Seraj tem à sua responsabilidade inúmeras mulheres e é isso que a impede de sair do país como tantos cidadãos afegãos têm tentado fazer. "Elas têm estado sob a minha proteção há muito tempo e continuo aqui para elas porque não sei o que fazer. Não as posso pôr na rua. Tenho de assumir o compromisso e ficar junto delas, tentar manter alguma ordem e rezar para que nada de horrível aconteça", desabafa.
"Sou responsável por um grupo de mulheres e crianças no Afeganistão pertencentes a uma categoria de mulheres que passaram as suas vidas inteiras a ser violentadas e abusadas. Faço isto [referindo-se ao trabalho junto da organização não-governamental que fundou] há 20 anos. É isto que faço. Este é o nosso trabalho: cuidamos das nossas crianças, ensinamos as pessoas a terem cuidado com a sua saúde", explica.
Às mulheres com quem lida diariamente, a ativista tenta transmitir-lhes mensagens de tranquilidade mesmo que assuma ser incapaz de prever o que pode acontecer.
"Digo-lhes para terem calma, para não fazerem barulho e para respirarem. Para se manterem minimamente ocupadas. Mas não lhes vou dizer o que pode acontecer nem especular porque eu própria não sei o que está no horizonte", lamenta.
"A forma como nos deixaram foi errada"
Na mesma entrevista, Seraj diz sentir-se abandonada pelos EUA depois de Joe Biden ter feito saber que não iria fazer com que o conflito no Afeganistão passasse a ser problema de um quinto presidente (depois de ter marcado as presidências de George W. Bush, Barack Obama e Donald Trump).
"Estou muito transtornada com a forma como a saída dos EUA do país foi feita. Não estou a dizer que as forças militares deveriam ter ficado connosco para sempre para nos dar a mão, mas a forma como nos deixaram foi errada." É como, continua Seraj, o povo afegão se assemelhasse "a uma batata quente" que os EUA decidiram passar a outro. "Mas deixaram-nos cair, abandonaram-nos e agora somos obrigados a lutar por nós próprios", diz.

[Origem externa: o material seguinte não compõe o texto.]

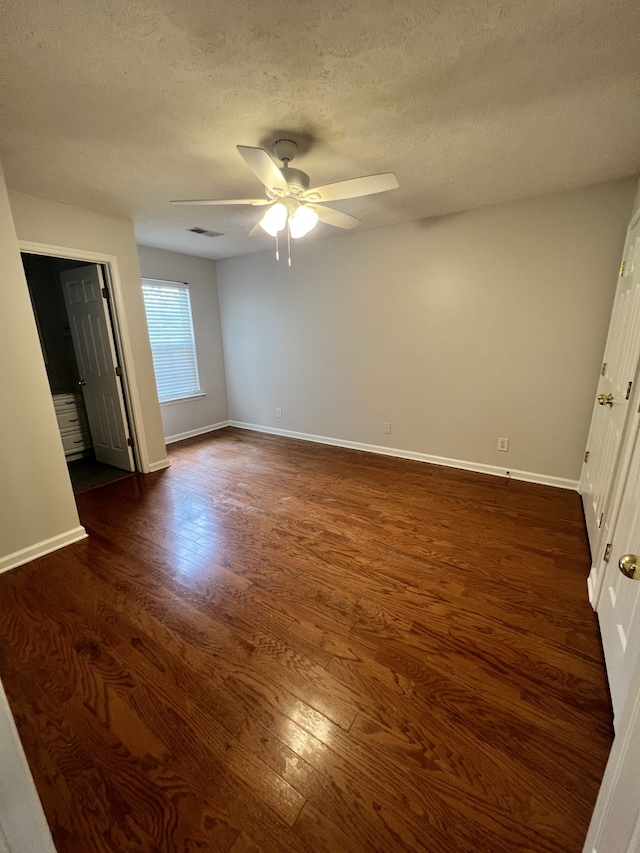 unfurnished bedroom featuring a textured ceiling, dark hardwood / wood-style floors, and ceiling fan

Sobre esta ideia de que os talibã de 2021 são diferentes (e mais moderados, portanto) do que os de 2001, antes de serem expulsos do Afeganistão pelos EUA pós-11 de setembro, a ativista diz que precisa de ver para crer.
"Eles têm dito isso [que são mais moderados] frequentemente, mas queremos que eles mostrem de que forma é que vão lidar connosco. Precisamos de saber o que é que eles nos vão deixar fazer, se as nossas meninas podem ir à escola, se as nossas mulheres podem trabalhar. Têm de nos deixar fazer isso. Assim que vir isso a acontecer, passarei a acreditar nessa ideia moderada", conclui.
Ainda que, para já, não haja governo formado nem leis anunciadas, o regime talibã já está a implementar algumas medidas em várias regiões do Afeganistão. Na província de Ghazni, por exemplo, as mulheres passam a estar proibidas de fazer rádio ou de ocupar qualquer cargo na emissora da região. Além disso, todas as rádios vão passar a estar impossibilitadas de transmitir música, diz a agência noticiosa Pajhwok, citada pelo jornal "Público".
Foi também publicada uma nova diretriz para a província de Harat, que proíbe homens e mulheres de estudarem em conjunto em quaisquer estabelecimentos de ensino da região.
Para justificar a decisão, o responsável pelo Departamento de Educação do Emirado Islâmico do Afeganistão (EIA), o nome que o regime também adotou entre 1996 e 2001, fez saber que a educação conjunta está na base dos males que prejudicam a sociedade, escreve a mesma publicação.